New Visualizing the Americas project reveals complex socioeconomic history of the banana

landscape archival photo from Visualing the Americas

Peeling open and biting into the sweet, slightly tart-tasting flesh of a banana is one of life’s simple pleasures, right? 

Not exactly, says University of Toronto Mississauga history professor Kevin P. Coleman, whose new research project demonstrates how the historical journey of this tropical fruit from Latin American farms to North American homes has been anything but simple. 

In Visualizing the Americas, the historical studies scholar documents the economic, social and political dynamics of the banana industry in countries such as Colombia, Costa Rica, Ecuador, Guatemala, Honduras and Panama. Working in collaboration with the UTM Library, he has created a comprehensive resource that reveals how worker exploitation, racial discrimination and ecological destruction have shaped the production and consumption of this popular commodity.  

Coleman also shows how poor and marginalized banana workers resisted unfair treatment by foreign employers, so that the website can be a useful resource for current and future political struggles in Latin America and the Caribbean.  

bunch of bananas
(photo via Pexels)

“This is a story of the power dynamics these farmers experienced as a result of a foreign company working in their country, of the power dynamics in their societies, and also, of how they organized and succeeded,” says Coleman, whose project was supported by a $106,000 Insight Grant from the Social Sciences and Humanities Research Council. “Visualizing the Americas is about insight, motivation, empowerment.” 

Through historical records, photographs and interviews with scholars, we learn about the less-than-wholesome operations of the United Fruit Company, a multinational corporation based in Boston, Mass., that owned extensive land and employed tens of thousands of people in the Eastern Caribbean and Central and South America. The company created a workforce with a racial hierarchy where it placed white Americans in upper-level positions, and members of the local population — Black residents, mestizo and other mixed-race groups, Indigenous people, Garifuna communities and immigrants — in low-wage, unskilled jobs. For the middle roles — overseers, managers, timekeepers, engineers — they recruited West Indian migrant workers from the British Caribbean. 

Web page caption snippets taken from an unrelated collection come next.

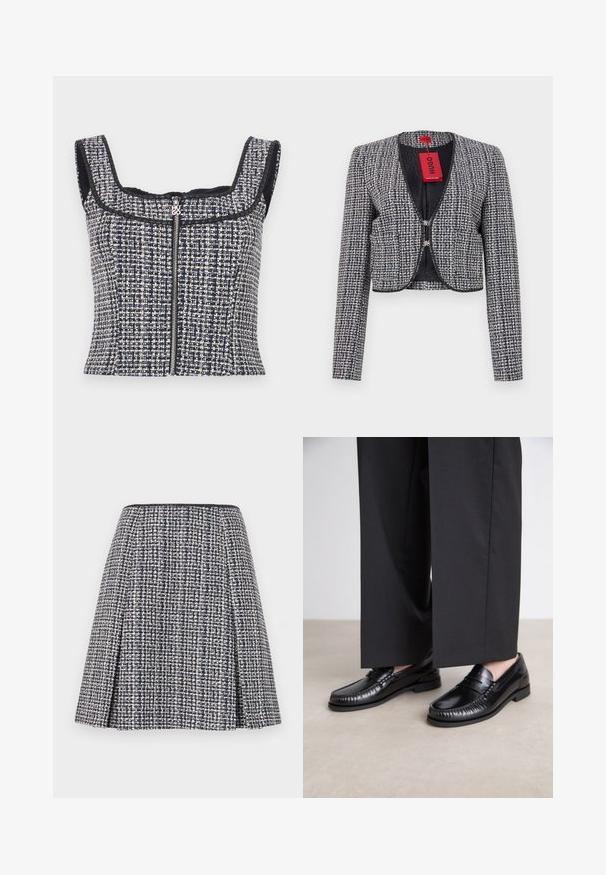 Giacca cropped in tessuto intrecciato blu navy e bianco. Presenta un collo rotondo, chiusura a gancio sul davanti e maniche lunghe. Include un'etichetta.; Top corto in tweed blu navy e bianco con scollo quadrato, design senza maniche e zip frontale con tirante a brand.; Gonna in tweed blu navy con un motivo testurizzato, silhouette svasata e pieghe. La vita è nera, mettendo in risalto il design della gonna.; Mocassini in pelle nera con una finitura liscia, dettagli cuciti attorno alla punta e suola in gomma bassa. Abbinati a pantaloni neri larghi.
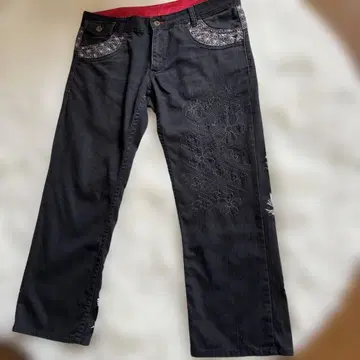 INFINITY 인피니티 일본풍 패턴 자수 블랙 데님 XXL w95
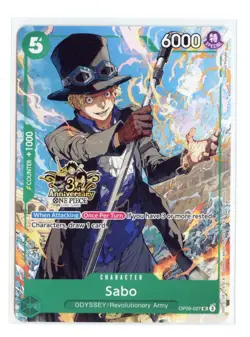 ONE PIECE TCG SABO RARE 3RD ANNIVERSARY PROMO ALT ART OP09-027 NM - Image 1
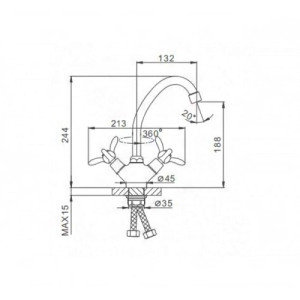 Смеситель Frap F4112-2 хром схема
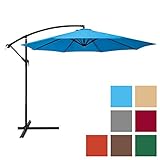 Best Choice Products 10-Foot Offset Hanging Aluminum Polyester Market Patio Umbrella w/ 8 Ribs and Easy Tilt Adjustment, Blue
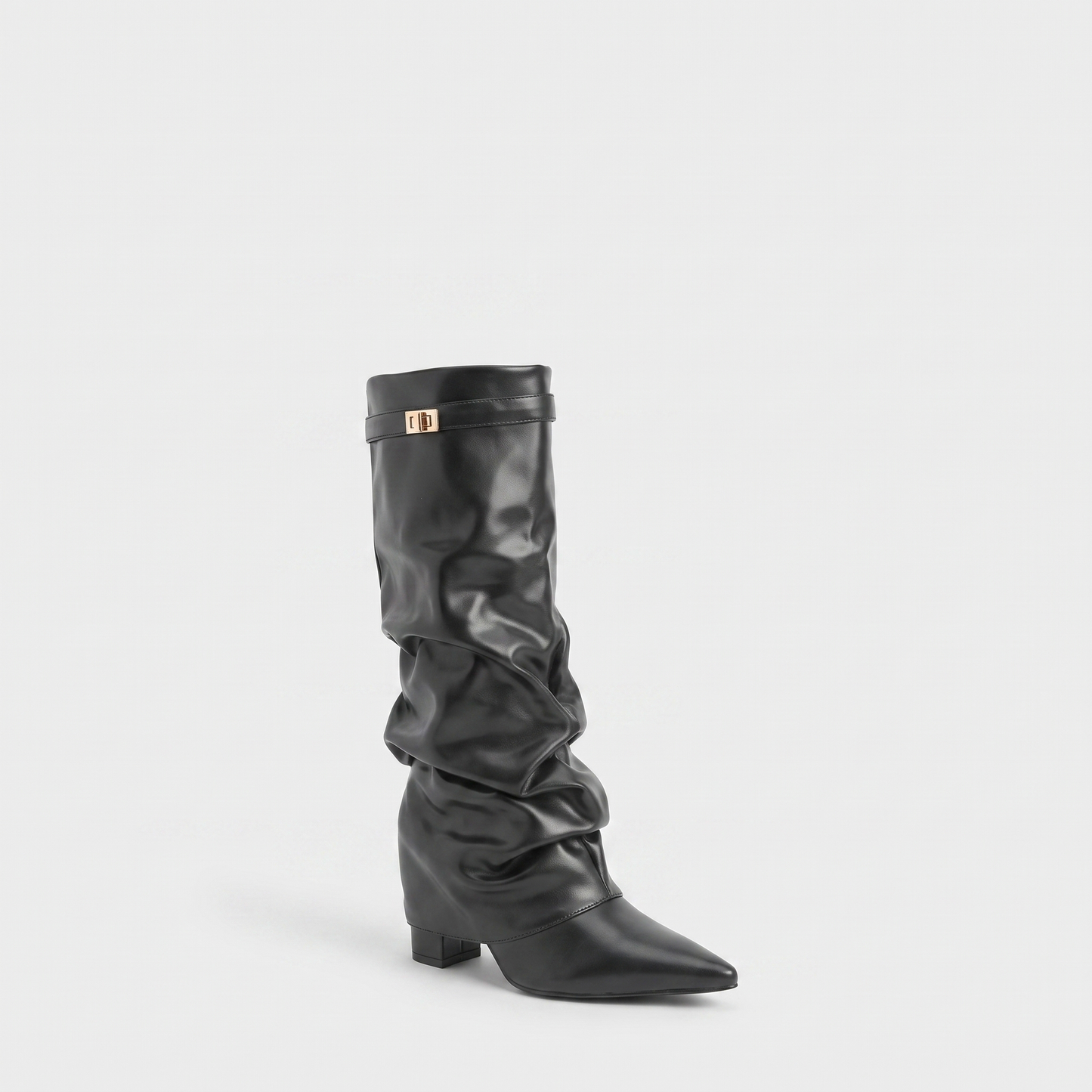Sunoire isla womens slouch knee high boots pointed toe 05 colorway black pu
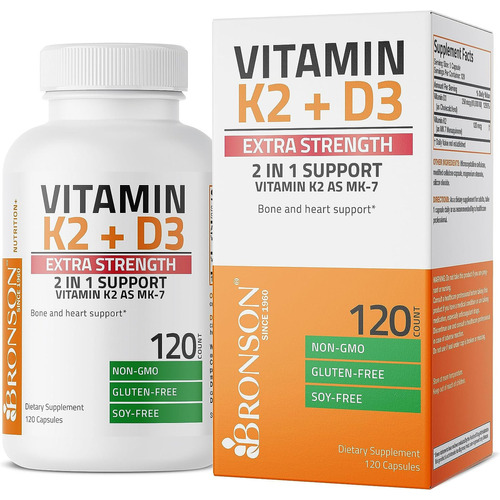 Suplemento en cápsula Bronson  Vitamin K2 & Vitamin D3 vitaminas 120 un pack x 120 u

To explain the ramifications of this racially stratified labour force, Coleman interviews Michigan State University history professor and author Glenn Chambers, who notes that the West Indian workers “served as a buffer between management and labour…West Indians were of African descent, but saw themselves as British, Christian, and “civilized” and “viewed non-West Indians as outsiders and their culture inferior,” which “made organizing around Blackness difficult.” 

We also learn how the United Fruit Company exerted its influence on governments in the region to suppress the rights of workers. A key example was the Oct. 6, 1928 strike by Colombia’s banana labourers over long hours and low pay. Records show how the company was complicit in the military’s violent quashing of the strike, which resulted in the death of more than 1,000 workers. The Visualizing the Americas website features an archive of nearly 2,000 pages of letters, photos and other documents generated by the company from 1912-1982 that in part show its deeply unjust employment practices. 

Rafael Platero Pas in a 1954 self-portrait
Photographer Rafael Platero Paz in a 1954 self-portrait

Visualizing the Americas also explores how exploitative labour practices make bananas so cheap, the environmental impacts of monoculture cultivation practices, and the gains made by worker unions to create better working conditions in banana-growing regions. 

There is a rich visual history of the life, culture and struggles of members of a banana company town in Honduras as captured by photographer Rafael Platero Paz, who sought to document the community’s social transformations over 57 years. 

“I think it’s easy for many of us to forget that history is made by people,” Coleman says. “Many may not realize what an important role ordinary banana plantation workers played in the history of their countries.”